Task objective: Please return, with no alterations, the lines below from the very first through the one that contains "Silver Icon, Agritelis".

Short descriptive text snippets
>>>>>

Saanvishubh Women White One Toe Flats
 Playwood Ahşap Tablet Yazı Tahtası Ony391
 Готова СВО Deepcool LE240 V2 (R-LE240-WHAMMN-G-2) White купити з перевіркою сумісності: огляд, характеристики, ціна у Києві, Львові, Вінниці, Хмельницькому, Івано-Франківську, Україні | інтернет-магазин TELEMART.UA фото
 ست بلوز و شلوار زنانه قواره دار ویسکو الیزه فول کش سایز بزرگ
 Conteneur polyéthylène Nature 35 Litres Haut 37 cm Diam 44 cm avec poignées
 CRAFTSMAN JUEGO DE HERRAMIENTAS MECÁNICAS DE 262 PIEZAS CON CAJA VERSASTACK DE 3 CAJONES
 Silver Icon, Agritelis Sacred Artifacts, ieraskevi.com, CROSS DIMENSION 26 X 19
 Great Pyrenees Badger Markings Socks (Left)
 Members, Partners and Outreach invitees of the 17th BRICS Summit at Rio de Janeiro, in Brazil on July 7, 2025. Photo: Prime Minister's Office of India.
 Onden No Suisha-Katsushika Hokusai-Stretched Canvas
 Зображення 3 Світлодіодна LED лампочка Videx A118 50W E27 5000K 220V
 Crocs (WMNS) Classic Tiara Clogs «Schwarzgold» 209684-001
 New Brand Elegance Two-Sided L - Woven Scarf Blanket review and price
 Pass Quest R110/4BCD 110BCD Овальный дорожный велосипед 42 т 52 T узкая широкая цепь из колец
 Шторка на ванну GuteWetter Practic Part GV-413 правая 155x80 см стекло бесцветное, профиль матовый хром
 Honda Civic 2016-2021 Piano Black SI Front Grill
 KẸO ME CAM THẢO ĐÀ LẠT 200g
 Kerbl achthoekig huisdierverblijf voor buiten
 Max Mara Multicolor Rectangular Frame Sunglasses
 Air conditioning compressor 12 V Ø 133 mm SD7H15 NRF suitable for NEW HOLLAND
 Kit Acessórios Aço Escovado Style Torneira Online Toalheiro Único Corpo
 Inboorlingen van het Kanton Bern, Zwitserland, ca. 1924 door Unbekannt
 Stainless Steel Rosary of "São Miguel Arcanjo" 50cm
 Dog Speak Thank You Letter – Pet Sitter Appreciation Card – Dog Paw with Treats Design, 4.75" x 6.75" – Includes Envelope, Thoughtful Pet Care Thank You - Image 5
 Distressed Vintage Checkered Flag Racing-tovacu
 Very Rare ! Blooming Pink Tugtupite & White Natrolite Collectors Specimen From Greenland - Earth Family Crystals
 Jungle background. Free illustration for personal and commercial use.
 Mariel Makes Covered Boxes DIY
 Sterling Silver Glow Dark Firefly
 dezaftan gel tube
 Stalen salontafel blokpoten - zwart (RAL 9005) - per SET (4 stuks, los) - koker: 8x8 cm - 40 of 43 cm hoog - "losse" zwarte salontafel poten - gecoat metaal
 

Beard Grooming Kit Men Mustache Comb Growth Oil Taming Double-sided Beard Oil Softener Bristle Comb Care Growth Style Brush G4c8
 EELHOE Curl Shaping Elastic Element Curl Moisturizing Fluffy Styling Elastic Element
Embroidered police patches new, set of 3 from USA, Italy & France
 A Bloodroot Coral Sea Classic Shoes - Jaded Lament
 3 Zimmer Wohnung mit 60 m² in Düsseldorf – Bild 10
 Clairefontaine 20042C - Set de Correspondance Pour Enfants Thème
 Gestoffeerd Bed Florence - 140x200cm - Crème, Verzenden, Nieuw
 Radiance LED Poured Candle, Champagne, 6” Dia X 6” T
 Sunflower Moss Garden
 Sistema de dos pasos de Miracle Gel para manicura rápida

<<<<<

Response:
Saanvishubh Women White One Toe Flats
 Playwood Ahşap Tablet Yazı Tahtası Ony391
 Готова СВО Deepcool LE240 V2 (R-LE240-WHAMMN-G-2) White купити з перевіркою сумісності: огляд, характеристики, ціна у Києві, Львові, Вінниці, Хмельницькому, Івано-Франківську, Україні | інтернет-магазин TELEMART.UA фото
 ست بلوز و شلوار زنانه قواره دار ویسکو الیزه فول کش سایز بزرگ
 Conteneur polyéthylène Nature 35 Litres Haut 37 cm Diam 44 cm avec poignées
 CRAFTSMAN JUEGO DE HERRAMIENTAS MECÁNICAS DE 262 PIEZAS CON CAJA VERSASTACK DE 3 CAJONES
 Silver Icon, Agritelis Sacred Artifacts, ieraskevi.com, CROSS DIMENSION 26 X 19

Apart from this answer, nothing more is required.